The former US Open finalists brought first-serve fire with both serving above 80 percent for most of the opening set. Medvedev pumped his ninth ace ending the 10th game and Zverev answered pounding his fourth ace to take a 6-5.
Pressure prompted the first significant stress of the set as Medvedev missed four of six first serves and made a couple of loose errors before Zverev zapped a pass down the line for triple set point.
The third-seeded Russian saved the first two set points, but a crosscourt forehand coaxed a sailed forehand response on the third set point. Zverev erupted in a shout snatching the opening set in 43 minutes.
Zverev served 81 percent and won 24 of 29 first-serve points in the set.
The German’s serve was put to the test in the third game of the second set. Medvedev, who was consistently 12 to 15 feet behind the line to return first serve moved much closer to greet a second serve drawing a double fault for his first break point. Zverev smacked an ace to save it.

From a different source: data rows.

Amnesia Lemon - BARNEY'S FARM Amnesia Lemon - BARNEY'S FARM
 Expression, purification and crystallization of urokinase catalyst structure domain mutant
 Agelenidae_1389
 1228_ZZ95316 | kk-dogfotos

Confronting a second break point, Zverev dug out a low volley then made superb stretch volley to save it. Still, Medvedev kept plugging away. A tremendous lunging forehand pass earned the Russian a third break point, but Zverev slammed a first serve to save it.
On his fourth break point, Medvedev netted a forehand down the line. Zverev stood up to all the fire, framed a smash but made a fine backhand volley withstanding a 15-minute stress test to hold for 2-1.
Both men move well laterally, Medvedev streaked forward and stopped on a dime lifting a side-spinning drop shot winner for his fifth break point in the ninth game. When Zverev strayed a shot behind the baseline, Medvedev gained his first break for the day to serve for the first set.
Medvedev spun his 13th ace out wide taking the second set to level after one hour, 34 minutes.
Streaking through a rousing run, the Russian strung together 10 straight points breaking at love to start the decider as Zverev botched a routine forehand volley into net.
Of course a break is not truly a break until you hold to back it up. Medvedev, who will never be confused for Pat Rafter or Mischa Zverev around the net, scraped out a tricky forehand volley to help save a break point then used the serve and volley to save a second one. Rapping a forehand crosscourt, Medvedev denied a fourth break point before closing a tough 10-minute hold for a 2-0 lead in the decider.
The lanky Russian’s skill attacking Zverev’s second served turned the match in his favor. Medvedev was inside the baseline when he belted a backhand return down the line breaking for the third time in a row for 3-0.
"Second set I started to put a lot of pressure on him. On my serve I don't think I had breakpoints to save second set, which is good," Medvedev said. "Same thing in the third set in a crucial moment 1-0, for sure got tight, final, you are 1-0 up a break, you know that this game you have to win with old balls. I knew that then he has one game to serve with old balls and then it's going to be new balls.
"So I was fighting for it like an animal. And I managed to make amazing points this game, managed to win and break him with old balls so make it 3-0 double break. Yeah, that was some key moments of the match."
Medvedev confirmed the break for his seventh straight as a reeling Zverev couldn’t find the energy or resources to slow the Russian.
A final double fault from Zverev brought an anti-climactic end to a two hour, seven-minute triumph.